Neue Ideen: Wie Gemeinden von Bürgerbegehren profitieren

Erster Bürgerbegehrenstag in Baden-Württemberg
Zu einem ersten Treffen der Bürgerbegehrensinitiativen in Baden-Württemberg lud die Bürgeraktion Mehr Demokratie dieser Tage nach Nürtingen ein. Nach dem Fazit von Reinhard Hackl, dem Landesvorsitzenden des Vereins, wurde dabei deutlich, dass die Gemeindeverwaltungen sehr viel vom "know-how" der Bürgergruppen profitieren können, gleichzeitig aber gesetzliche Stolperfallen in Baden-Württemberg Bürgerbegehren nach wie vor behindern.

Initiator des Treffens war Professor Dr. Roland Geitmann von der Hochschule für öffentliche Verwaltung in Kehl, der die Erfahrungen der Bürgerinitiativen für die Praxis der zukünftigen Kommunalbeschäftigten nutzbar machen will. Fünf Initiativen aus Vaihingen /Enz, Nürtingen, Backnang, Stuttgart und Heidelberg stellten ihre Anliegen und Ihre Erfahrungen mit dem Mitwirkungsinstrument Bürgerbegehren vor.

Bemerkenswert war für Professor Geitmann, welchen Nutzen der Heidelberger Stadtteil Emmertsgrund aus dem Bürgerentscheid über den Verkauf der städtischen Wohnungen dort gezogen hat. Der Stadtteil ist regelrecht aus seinem „Dornröschenschlaf“ erwacht. Die Bewohner engagieren sich mehr und es fließen mehr kommunale Gelder dorthin.

Auch Vaihingen kann von einer Bürgerinitiative profitieren, die eine stillgelegte Bahnstrecke in einen Fahrradweg umwandeln will. Der Fahrradweg, der für viele Schulkinder einen sicheren Schulweg schaffen würde, nutzt für wenig Geld auch der Umwelt. Die Initiative stellt eine von einem Bauingenieur durchgerechnete Planung mit Kostendeckungsvorschlag zur Abstimmung.
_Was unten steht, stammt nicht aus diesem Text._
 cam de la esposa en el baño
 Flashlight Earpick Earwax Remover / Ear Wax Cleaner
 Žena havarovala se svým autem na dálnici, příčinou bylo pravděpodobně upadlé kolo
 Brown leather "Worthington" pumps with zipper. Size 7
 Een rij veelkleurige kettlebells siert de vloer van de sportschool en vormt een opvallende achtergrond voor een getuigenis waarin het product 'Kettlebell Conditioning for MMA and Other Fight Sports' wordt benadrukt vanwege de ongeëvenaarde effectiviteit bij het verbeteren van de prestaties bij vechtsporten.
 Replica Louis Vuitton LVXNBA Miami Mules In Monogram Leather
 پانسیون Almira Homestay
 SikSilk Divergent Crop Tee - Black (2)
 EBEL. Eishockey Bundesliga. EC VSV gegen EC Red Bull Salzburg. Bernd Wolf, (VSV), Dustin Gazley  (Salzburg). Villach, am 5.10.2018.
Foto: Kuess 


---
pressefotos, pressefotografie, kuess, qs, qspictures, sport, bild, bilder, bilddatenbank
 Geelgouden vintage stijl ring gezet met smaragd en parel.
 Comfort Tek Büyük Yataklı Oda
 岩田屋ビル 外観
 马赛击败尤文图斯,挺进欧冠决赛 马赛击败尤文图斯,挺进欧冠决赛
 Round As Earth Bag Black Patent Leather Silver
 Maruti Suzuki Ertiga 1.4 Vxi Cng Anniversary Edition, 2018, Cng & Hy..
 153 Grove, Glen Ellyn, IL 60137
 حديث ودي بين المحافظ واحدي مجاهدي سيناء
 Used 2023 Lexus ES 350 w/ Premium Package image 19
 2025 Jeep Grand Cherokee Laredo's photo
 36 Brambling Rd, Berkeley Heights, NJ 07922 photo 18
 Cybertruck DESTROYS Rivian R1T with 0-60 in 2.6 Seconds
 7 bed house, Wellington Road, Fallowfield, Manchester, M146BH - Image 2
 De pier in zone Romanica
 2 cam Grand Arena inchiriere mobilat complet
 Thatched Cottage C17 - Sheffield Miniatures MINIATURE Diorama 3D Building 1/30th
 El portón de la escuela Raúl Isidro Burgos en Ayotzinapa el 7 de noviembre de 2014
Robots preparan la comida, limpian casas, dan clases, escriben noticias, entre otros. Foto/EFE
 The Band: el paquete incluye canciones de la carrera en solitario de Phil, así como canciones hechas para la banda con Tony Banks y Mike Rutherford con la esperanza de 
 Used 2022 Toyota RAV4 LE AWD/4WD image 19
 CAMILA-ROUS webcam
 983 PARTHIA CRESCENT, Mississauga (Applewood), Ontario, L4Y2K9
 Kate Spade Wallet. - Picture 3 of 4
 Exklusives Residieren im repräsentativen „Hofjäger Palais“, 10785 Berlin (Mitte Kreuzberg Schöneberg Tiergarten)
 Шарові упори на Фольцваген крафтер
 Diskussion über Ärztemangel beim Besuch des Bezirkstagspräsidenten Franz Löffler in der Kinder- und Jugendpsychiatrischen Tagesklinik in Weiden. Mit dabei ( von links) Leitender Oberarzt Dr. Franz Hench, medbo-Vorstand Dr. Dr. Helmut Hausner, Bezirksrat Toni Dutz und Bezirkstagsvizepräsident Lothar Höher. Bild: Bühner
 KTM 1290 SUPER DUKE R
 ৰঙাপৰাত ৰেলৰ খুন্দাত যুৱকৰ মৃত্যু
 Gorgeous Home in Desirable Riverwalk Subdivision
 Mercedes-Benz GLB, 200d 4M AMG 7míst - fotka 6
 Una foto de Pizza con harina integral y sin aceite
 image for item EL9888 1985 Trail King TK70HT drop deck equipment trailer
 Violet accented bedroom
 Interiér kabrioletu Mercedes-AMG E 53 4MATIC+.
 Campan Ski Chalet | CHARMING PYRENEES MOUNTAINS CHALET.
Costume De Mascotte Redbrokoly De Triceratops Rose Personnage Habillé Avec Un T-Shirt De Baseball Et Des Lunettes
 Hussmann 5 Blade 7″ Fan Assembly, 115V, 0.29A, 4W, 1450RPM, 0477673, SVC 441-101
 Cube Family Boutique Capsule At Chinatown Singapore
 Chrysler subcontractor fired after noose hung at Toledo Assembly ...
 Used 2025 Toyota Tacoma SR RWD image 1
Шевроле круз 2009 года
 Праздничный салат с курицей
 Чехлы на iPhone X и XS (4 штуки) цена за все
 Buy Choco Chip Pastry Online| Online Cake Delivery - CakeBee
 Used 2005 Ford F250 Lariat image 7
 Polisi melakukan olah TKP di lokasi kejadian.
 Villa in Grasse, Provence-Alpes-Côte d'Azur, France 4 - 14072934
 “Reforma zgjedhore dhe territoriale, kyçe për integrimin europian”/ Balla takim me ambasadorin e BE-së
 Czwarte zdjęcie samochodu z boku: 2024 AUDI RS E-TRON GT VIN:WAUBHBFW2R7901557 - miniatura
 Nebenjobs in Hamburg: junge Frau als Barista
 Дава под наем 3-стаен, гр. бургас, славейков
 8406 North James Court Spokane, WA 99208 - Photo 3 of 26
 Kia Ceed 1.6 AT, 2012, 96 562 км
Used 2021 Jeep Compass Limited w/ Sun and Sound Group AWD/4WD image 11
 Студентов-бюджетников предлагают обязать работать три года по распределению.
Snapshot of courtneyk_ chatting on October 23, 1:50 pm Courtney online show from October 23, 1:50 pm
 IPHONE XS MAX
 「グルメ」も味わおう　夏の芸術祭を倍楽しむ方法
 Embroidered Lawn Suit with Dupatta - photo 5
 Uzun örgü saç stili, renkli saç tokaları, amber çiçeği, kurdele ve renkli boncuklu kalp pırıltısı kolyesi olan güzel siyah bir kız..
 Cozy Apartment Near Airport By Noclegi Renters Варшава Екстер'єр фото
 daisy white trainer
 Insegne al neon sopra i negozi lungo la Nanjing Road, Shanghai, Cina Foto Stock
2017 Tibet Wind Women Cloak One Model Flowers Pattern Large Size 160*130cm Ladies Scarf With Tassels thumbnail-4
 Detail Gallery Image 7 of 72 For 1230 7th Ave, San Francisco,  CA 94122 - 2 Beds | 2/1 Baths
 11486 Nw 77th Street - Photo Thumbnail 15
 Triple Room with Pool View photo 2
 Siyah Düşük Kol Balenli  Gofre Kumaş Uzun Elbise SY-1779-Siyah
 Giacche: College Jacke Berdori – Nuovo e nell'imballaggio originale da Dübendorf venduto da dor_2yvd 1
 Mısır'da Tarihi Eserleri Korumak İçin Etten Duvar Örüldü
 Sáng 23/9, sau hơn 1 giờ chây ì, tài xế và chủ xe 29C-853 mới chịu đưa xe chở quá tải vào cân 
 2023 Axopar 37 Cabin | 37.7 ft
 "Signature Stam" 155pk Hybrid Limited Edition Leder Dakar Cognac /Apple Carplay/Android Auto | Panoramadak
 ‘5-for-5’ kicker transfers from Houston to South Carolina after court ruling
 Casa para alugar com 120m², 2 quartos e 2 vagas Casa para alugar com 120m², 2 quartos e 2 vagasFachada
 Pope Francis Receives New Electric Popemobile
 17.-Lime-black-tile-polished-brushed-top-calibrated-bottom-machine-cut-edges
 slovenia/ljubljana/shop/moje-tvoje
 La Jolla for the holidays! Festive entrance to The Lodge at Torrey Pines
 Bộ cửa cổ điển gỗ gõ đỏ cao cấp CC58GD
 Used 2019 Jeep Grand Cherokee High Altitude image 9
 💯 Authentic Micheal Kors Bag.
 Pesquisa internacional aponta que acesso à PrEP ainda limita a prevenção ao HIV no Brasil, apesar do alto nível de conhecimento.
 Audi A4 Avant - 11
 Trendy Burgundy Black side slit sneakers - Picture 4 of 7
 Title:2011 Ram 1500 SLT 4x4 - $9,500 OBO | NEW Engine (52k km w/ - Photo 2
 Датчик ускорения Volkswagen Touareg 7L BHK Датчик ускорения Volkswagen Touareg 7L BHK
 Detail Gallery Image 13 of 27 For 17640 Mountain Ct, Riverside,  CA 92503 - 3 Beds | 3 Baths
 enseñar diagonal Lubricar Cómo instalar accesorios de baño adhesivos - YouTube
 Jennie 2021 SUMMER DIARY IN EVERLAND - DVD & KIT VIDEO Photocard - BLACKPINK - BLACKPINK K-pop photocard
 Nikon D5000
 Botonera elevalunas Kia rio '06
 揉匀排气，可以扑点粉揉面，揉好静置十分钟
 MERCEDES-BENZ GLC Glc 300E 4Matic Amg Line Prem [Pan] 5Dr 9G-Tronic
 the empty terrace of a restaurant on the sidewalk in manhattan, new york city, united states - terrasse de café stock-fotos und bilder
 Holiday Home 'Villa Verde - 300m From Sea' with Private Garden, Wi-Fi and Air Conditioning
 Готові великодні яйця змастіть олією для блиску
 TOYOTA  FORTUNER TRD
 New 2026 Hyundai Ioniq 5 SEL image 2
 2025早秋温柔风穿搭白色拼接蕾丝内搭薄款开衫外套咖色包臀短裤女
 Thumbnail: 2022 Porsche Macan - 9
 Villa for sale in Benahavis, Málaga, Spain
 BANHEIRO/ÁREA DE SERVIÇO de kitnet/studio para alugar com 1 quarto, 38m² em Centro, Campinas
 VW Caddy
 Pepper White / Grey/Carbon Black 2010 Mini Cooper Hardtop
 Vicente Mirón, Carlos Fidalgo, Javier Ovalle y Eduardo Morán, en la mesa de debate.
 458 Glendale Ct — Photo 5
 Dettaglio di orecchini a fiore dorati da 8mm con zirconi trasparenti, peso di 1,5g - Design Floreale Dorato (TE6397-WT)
Im Nachhinein muss auch der Nürtinger Oberbürgermeister Heyrich einsehen, dass die Bürgerinitiative gegen die Bossansiedelung im „Großen Forst“ mit ihrem Bürgerbegehren der Gemeinde viel Geld und Aufwand gespart hätte. Der OB hatte mit großem Aufwand versucht, die Gewerbeansiedelung durchzudrücken und einen Bürgerentscheid zu verhindern. Boss hat seine Investitionspläne in der Zwischenzeit auf Eis gelegt. Letztlich hatte Boss nur „Hugoles“ mit den Nürtingern gespielt und die Stadt gegen Metzingen, eine andere Standortalternative, ausgespielt.

Neben den vielen Positivbeispielen für bürgerschaftliches Engagement wurden aber auch die rechtlichen Fallgruben für Bürgerbegehren in Baden-Württemberg deutlich. Der Ausschluss von Bürgerbegehren gegen Bebauungspläne, die 6-Wochenfrist für Begehren gegen Gemeinderatsbeschlüsse und der vorgeschriebene Kostendeckungsvorschlag behindern die Beteiligung der Bürger im Land. Völlig unnötig, meint Geitmann und verweist auf Bundesländer wie Bayern, Hamburg und Berlin. Mehr Demokratie will auch im nächsten Jahr ein ähnliches Treffen organisieren.